Due to the high volume of data transfer, latency issues, and security, the current cloud computing service architecture hinders the vision of providing real-time artificial intelligence processing for driverless cars. Thus, deep learning, as the main representative of artificial intelligence, can be integrated into edge computing frameworks. Edge AI computing addresses latency-sensitive monitoring such as object tracking and detection, location-awareness, as well as privacy protection challenges faced in the cloud computing paradigm.
The real value of edge AI computing can only be realized if the collected data can be processed locally and decisions and predictions can be made in real-time with no reliance on remote resources. Latency and locality are key factors at the edge since data transport latencies and upstream service interruptions are intolerable and raise safety concerns (ISO26262) for driverless cars.
As an example, the camera sensors on a vehicle should be able to detect and recognize its surrounding environment without relying on computational resources in the cloud within 3ms and with high reliability (99.9999%). For a vehicle with 120 km/h speed, 1ms round-trip latency corresponds to 3 cm between a vehicle and a static object or 6 cm between two moving vehicles.
Currently, most existing onboard AI computing tasks for autonomous vehicle applications including object detection, segmentation, road surface tracking, sign and signal recognition are mainly relying on general-purpose hardware – CPUs, GPUs, FPGAs or generic processors.
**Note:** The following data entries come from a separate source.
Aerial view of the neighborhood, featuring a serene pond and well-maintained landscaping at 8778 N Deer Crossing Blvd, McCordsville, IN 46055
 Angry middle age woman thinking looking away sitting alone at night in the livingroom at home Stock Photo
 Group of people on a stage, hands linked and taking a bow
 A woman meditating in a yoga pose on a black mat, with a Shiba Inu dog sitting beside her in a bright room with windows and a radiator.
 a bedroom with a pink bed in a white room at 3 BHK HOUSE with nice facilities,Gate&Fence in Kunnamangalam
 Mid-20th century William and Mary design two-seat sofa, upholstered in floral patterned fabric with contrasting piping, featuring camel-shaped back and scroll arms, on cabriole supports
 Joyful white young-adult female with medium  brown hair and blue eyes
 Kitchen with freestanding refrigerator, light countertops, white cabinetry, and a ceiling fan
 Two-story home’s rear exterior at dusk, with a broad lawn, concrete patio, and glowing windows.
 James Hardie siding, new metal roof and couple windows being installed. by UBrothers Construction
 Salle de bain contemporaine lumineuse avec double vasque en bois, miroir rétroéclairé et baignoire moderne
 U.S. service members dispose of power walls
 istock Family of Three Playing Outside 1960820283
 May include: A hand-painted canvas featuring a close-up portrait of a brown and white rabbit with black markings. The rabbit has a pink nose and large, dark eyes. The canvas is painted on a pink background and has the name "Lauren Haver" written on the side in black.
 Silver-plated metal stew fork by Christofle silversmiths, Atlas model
However, power consumption, speed, accuracy, memory footprint, die size, and BOM cost should all be taken into consideration for autonomous driving and embedded applications. High power consumption of GPUs magnified by the cooling load to meet the thermal constraints, can significantly degrade the driving range and fuel efficiency of the vehicle. Therefore, there is a need for cheaper, more power-efficient, and for accelerating deep learning inferences at the edge.
Custom accelerator AI chips for deep/machine learning (ML) applications with 10X faster than existing devices and consuming 1/10 the power is eminent to either dethrone or complement the traditional stand-alone chip architectures, such as GPUs, FPGAs, CPUs, and even MCUs. Depending on the AI workload and applications being on edge or data center, multiple continuums of full-custom ASICs, processing power and memory management, general-purpose program devices, and other key IP blocks may be required.
Chip and system-on-chip (SoC) standard packaging for better handling and assembly onto printed circuit boards has evolved throughout the years to the point where hundreds of package types are available today. Due to this heterogeneous architecture, selecting a package that will optimize AI accelerator chips, such as domain-specific AI-based inference ASIC, as a practical solution that suit all requirements is a bit complex and requires evaluating the effects of multiple parameters like footprint/pin-count, thermal, connectivity, tolerances, node technology, power, testability, and cost.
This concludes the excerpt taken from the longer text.